La tarea de convertir a los cubanos en vegetarianos

Lo que hace PETA en La Habana equivale a visitar una prisión para alertar sobre los ‘peligros’ de ser libre
Cubanet
 


Una ‘dama lechuga’ junto a varias cubanas en La Habana (peta.org)
La Habana, 4 e marzo, 2017
 Este miércoles, CubaNet brindó información sobre activistas de la organización PETA (siglas en inglés de Personas por el Trato Ético a los Animales) que viajaron a La Habana.
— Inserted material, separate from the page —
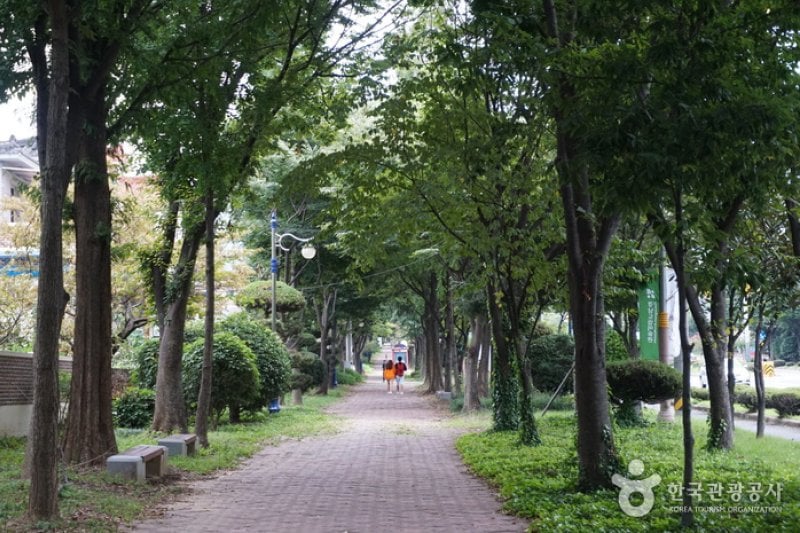 昌原林蔭道 (3/8)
Esa entidad se propone difundir en la capital cubana las ideas que propugna.
Para que al cumplir su misión se ocasione mayor impacto, la dirigencia de la entidad ha escogido un método digno de aplauso: hermosas mujeres jóvenes, sin más atuendo que unos breves bikinis en los que figuran verdes hojas de lechuga. Al exhibirse de ese modo en las calles habaneras, no cabe dudar que el mensaje capte la decidida atención de nuestros compatriotas, al menos los del sexo masculino.
Ashley Byrne, portavoz de la organización, expresó que lo anterior es “una manera divertida de enseñar acerca de cómo hacerse vegetariano”. También aclaró que la idea del periplo se empezó a discutir “tan pronto como se levantaron las restricciones para viajar”. No obstante, como hasta ahora no está autorizado que los norteamericanos visiten Cuba como simples turistas, las atractivas damas encasillaron su actividad como “apoyo humanitario”, una de las doce categorías permitidas.
Para beneficio de la prensa y regocijo de los presentes, las jóvenes se exhibieron en sus exiguas trusas verdes de dos piezas en el aeropuerto de Fort Lauderdale, dando inicio de ese modo lo que El Nuevo Herald califica como “diplomacia de la lechuga”. Los oficiales actuantes insistieron en que, para pasar el control de seguridad, las beldades se pusieran las túnicas que también llevaban. Confiemos en que sus colegas de La Habana no hayan sido tan melindrosos.
Una de las activistas en el avión hacia Cuba (peta.org)
En cualquier caso, lo más interesante será saber cómo reaccionarán las autoridades de la Isla ante las actividades poco convencionales que desplegarán las “damas lechuga”. Máxime si tenemos presente que el mismo portavoz declaró: “No hemos discutido nuestros planes con el gobierno cubano”.
Aspiro a que esa visita inusual, no coordinada de antemano, no ocasione mayores problemas. Y esperemos que la presencia de las combativas activistas sirva para aliviar un poco la penosa situación de los perros callejeros de La Habana, que deambulan por la ciudad comidos de sarna y sobreviven no se sabe ni cómo.
Muchos de estos desdichados seres vivieron antes en casas, de las que fueron expulsados porque sus dueños no pudieron seguirlos manteniendo. Pero lo único que tiene en reserva para ellos el estado comunista es el exterminio, y eso en las contadas ocasiones en que los empleados de Zoonosis salen a las calles en su persecución.
Al menos las dinámicas muchachas de PETA les darán comida y donarán suministros veterinarios por valor de un millar de dólares. Uno sólo atina a desearles que alcancen el éxito en su humanitaria labor.
La parte que veo más difícil es la conversión de los cubanos en vegetarianos. Es verdad que hoy la generalidad de nuestros compatriotas posee esa condición. Pero no por conciencia ni por su libre voluntad. Ello es así gracias al régimen castrista, que puso fin a una fea costumbre que teníamos desde siempre los cubanos: la de comer carne.
Venir a la Isla a predicar las bondades del vegetarianismo equivale a algo así como aparecerse en una cárcel para alertar a los condenados a cadena perpetua sobre los peligros que se corren al vivir en libertad…
Esperemos que la estancia de las “diplomáticas de la lechuga” en nuestra Isla —que durará hasta el sábado, según se ha anunciado— cumpla con sus generosos objetivos. Para bien de nuestros perros de la calle.